# YOUR ASSIGNMENT
Would you print all of the records below exactly, without skipping any?

------------------------------------------------------------------------

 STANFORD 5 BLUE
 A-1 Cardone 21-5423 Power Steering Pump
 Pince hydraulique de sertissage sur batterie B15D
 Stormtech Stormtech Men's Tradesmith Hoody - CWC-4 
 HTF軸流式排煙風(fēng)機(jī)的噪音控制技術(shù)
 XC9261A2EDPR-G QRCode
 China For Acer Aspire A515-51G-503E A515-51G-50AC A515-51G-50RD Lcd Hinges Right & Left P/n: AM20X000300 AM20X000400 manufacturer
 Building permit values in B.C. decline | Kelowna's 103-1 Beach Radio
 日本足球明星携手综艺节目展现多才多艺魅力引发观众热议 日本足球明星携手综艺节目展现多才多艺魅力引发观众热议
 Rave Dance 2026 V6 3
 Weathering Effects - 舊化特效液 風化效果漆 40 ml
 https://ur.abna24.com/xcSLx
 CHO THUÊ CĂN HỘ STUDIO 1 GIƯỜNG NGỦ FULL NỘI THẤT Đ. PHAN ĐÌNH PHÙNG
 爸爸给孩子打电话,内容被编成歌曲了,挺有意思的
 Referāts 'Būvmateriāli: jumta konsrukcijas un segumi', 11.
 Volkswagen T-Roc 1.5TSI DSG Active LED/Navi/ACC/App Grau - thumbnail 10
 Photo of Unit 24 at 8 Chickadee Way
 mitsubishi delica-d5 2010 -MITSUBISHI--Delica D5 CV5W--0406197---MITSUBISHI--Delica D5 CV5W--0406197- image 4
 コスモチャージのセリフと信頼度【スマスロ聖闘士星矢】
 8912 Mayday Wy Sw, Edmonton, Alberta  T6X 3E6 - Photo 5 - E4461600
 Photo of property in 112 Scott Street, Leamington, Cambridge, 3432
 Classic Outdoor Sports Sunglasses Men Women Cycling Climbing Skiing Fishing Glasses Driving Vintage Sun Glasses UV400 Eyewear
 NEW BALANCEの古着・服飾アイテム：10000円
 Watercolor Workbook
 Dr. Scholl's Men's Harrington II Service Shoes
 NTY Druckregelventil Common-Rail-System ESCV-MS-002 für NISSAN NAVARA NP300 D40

------------------------------------------------------------------------

# TASK SOLUTION
 STANFORD 5 BLUE
 A-1 Cardone 21-5423 Power Steering Pump
 Pince hydraulique de sertissage sur batterie B15D
 Stormtech Stormtech Men's Tradesmith Hoody - CWC-4 
 HTF軸流式排煙風(fēng)機(jī)的噪音控制技術(shù)
 XC9261A2EDPR-G QRCode
 China For Acer Aspire A515-51G-503E A515-51G-50AC A515-51G-50RD Lcd Hinges Right & Left P/n: AM20X000300 AM20X000400 manufacturer
 Building permit values in B.C. decline | Kelowna's 103-1 Beach Radio
 日本足球明星携手综艺节目展现多才多艺魅力引发观众热议 日本足球明星携手综艺节目展现多才多艺魅力引发观众热议
 Rave Dance 2026 V6 3
 Weathering Effects - 舊化特效液 風化效果漆 40 ml
 https://ur.abna24.com/xcSLx
 CHO THUÊ CĂN HỘ STUDIO 1 GIƯỜNG NGỦ FULL NỘI THẤT Đ. PHAN ĐÌNH PHÙNG
 爸爸给孩子打电话,内容被编成歌曲了,挺有意思的
 Referāts 'Būvmateriāli: jumta konsrukcijas un segumi', 11.
 Volkswagen T-Roc 1.5TSI DSG Active LED/Navi/ACC/App Grau - thumbnail 10
 Photo of Unit 24 at 8 Chickadee Way
 mitsubishi delica-d5 2010 -MITSUBISHI--Delica D5 CV5W--0406197---MITSUBISHI--Delica D5 CV5W--0406197- image 4
 コスモチャージのセリフと信頼度【スマスロ聖闘士星矢】
 8912 Mayday Wy Sw, Edmonton, Alberta  T6X 3E6 - Photo 5 - E4461600
 Photo of property in 112 Scott Street, Leamington, Cambridge, 3432
 Classic Outdoor Sports Sunglasses Men Women Cycling Climbing Skiing Fishing Glasses Driving Vintage Sun Glasses UV400 Eyewear
 NEW BALANCEの古着・服飾アイテム：10000円
 Watercolor Workbook
 Dr. Scholl's Men's Harrington II Service Shoes
 NTY Druckregelventil Common-Rail-System ESCV-MS-002 für NISSAN NAVARA NP300 D40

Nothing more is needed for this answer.